Was das ist, wissen die am besten, die so eine Art Wurzelbehandlung ihrer Wohngebäude selber überstanden haben. Für alle anderen: Da werden Innenwände vom Keller bis unters Dach aufgerissen, Badewannen und/oder Toiletten demontiert, um Trink- und Abwasserleitungen Stück für Stück auszutauschen. Meine Schilderung weckt reges Mitgefühl bei Freunden, die mich einladen, jederzeit zum Duschen vorbeikommen zu können. Gleiches bietet die hilfsbereite Nachbarin an, deren Strangsanierung erst am Monatsende fällig ist.

Der Bedarf an sozialen Kontakten unter uns Leidgeprüften, die für ein paar Wochen auf einer Baustelle hausen, wächst enorm, selbst in Zeiten der Pandemie. Missliche Lagen haben durchaus ihr Gutes, übe ich mich im positiven Denken. Man lernt zu improvisieren. Und überhaupt, möglichst viel Zeit außer Haus zu verbringen ist immer noch besser, als zum Drinbleiben verdonnert zu sein. Möge uns das Schreckgespenst eines Lockdowns erspart bleiben.

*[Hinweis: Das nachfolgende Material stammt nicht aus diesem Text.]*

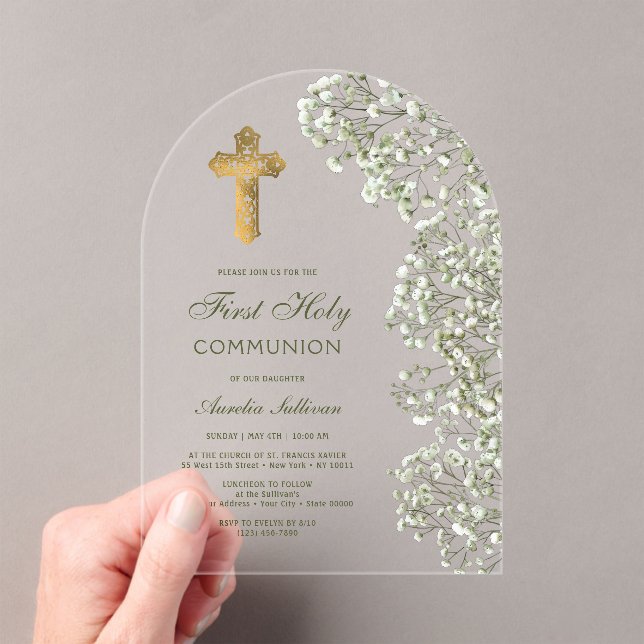 Baby's Breath Arch First Communion Acrylic Invitations (Insitu (Handheld))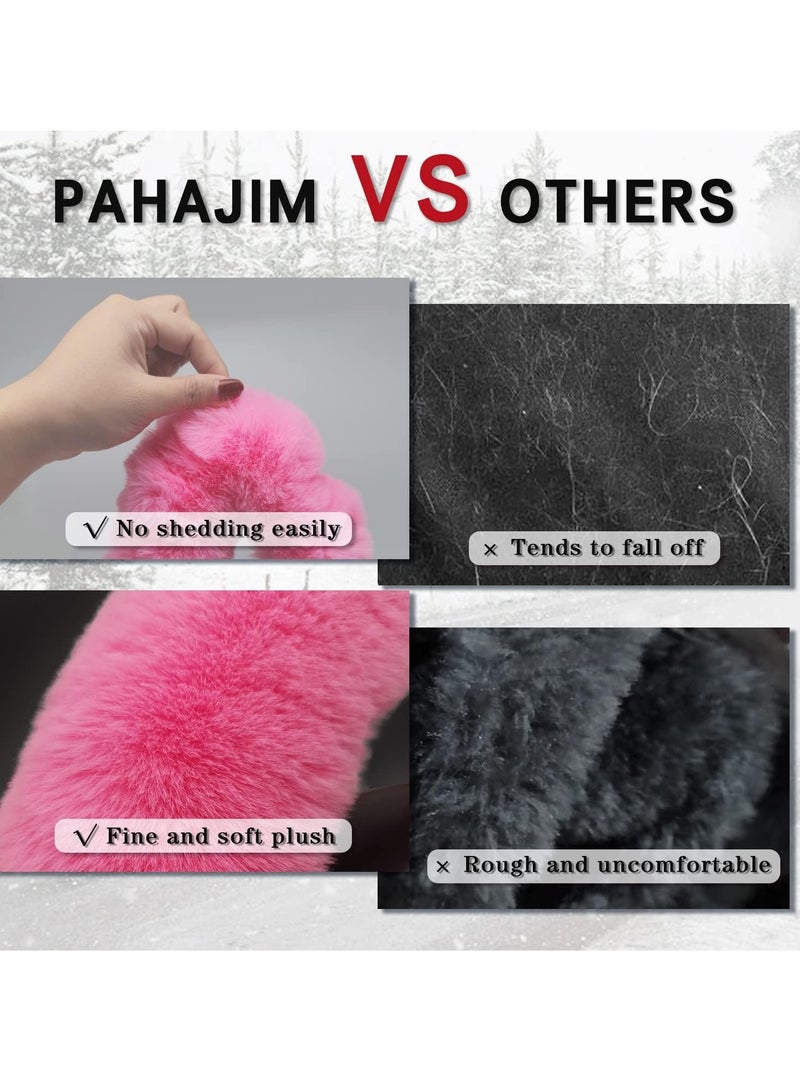 Pahajim Fluffy Steering Wheel Covers Soft Furry Car Anti skid Plush Steering Wheel Cover Warm Wool Universal 36 39cm Winter Car Decoration for Women Pink - Image 4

Obwohl, in der fiktiven Story von Etgar Keret, einer meiner Lieblingsautoren aus Tel Aviv, verhält es sich genau andersrum. Unter dem Titel „Outside“ hat die „New York Times“ sie jüngst veröffentlicht. Keret, ein Meister skurriler Kurz- und Kürzestgeschichten, erzählt darin, wie die Leute nach viermonatiger Ausgangssperre gar nicht mehr raus wollen. Sie haben sich an den Zustand, daheim zu hocken, gewöhnt, haben keine Lust mehr, zur Arbeit zu gehen oder in die Mall, sich mit Freunden zu treffen oder auf der Straße von irgendjemand umarmt zu werden, der vor drei Jahren mal im gleichen Yoga-Kurs war.

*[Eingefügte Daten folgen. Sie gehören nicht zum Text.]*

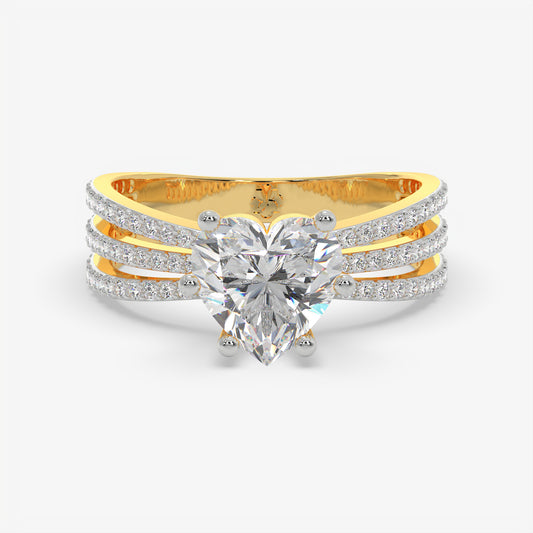 Trinity Heart Diamond Ring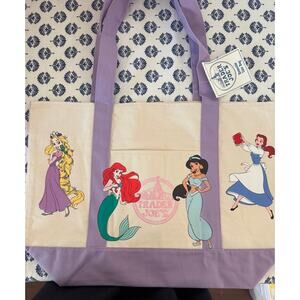 Disney Princess Custom Made Trader Joes Large Purple Tote Belle, Ariel, Rapunzel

Die Regierung schickt schließlich Polizei und Soldaten, die mit Stöcken auf die Haustüren schlagen, damit die Leute rauskommen. Aber die erinnern sich nicht mehr genau, welche Jobs sie hatten, und wenn doch, wissen sie nicht mehr, wie man da hinkommt. Ratlos irrt der Protagonist der Geschichte umher. Nur wie man geflissentlich den neben dem Geldautomaten hockenden Bettler übersieht, hat er nicht vergessen. Das ist in seinem Kopf noch programmiert und bringt ihn zurück in die alltägliche Spur.

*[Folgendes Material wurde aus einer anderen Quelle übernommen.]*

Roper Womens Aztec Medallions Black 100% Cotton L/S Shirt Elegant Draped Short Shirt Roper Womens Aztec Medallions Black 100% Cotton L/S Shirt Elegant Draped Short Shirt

Nicht gerade ein Happy End. Aber im realen Leben wäre man schon froh, wenn es endlich wieder normal liefe. Wenn private Telefonate nicht mehr ständig in Fachsimpeleien ausarteten, was wessen Lieblingsvirologe meint. Wenn das von der Deutschen Bahn versendete Lockangebot für einen spontanen Trip in die Natur nicht gleich konterkariert würde vom Appell des Bundesgesundheitsministers, auf nicht notwendige Reisen zu verzichten. Wenn es reichen würde, dass alle eine Maske tragen, und fertig aus mit dem Corona-Spuk.

Nun ja, es ist, wie es ist, eben ungewiss. „Wenn meine Wanne wieder drin ist, bin ich glücklich.“ Noch so ein Konditionalsatz, der mir beim Verhandeln mit den Handwerkern rausrutscht. Klingt ein bisschen selbstsüchtig, aber so ein Leben auf der Baustelle verrückt die Prioritäten.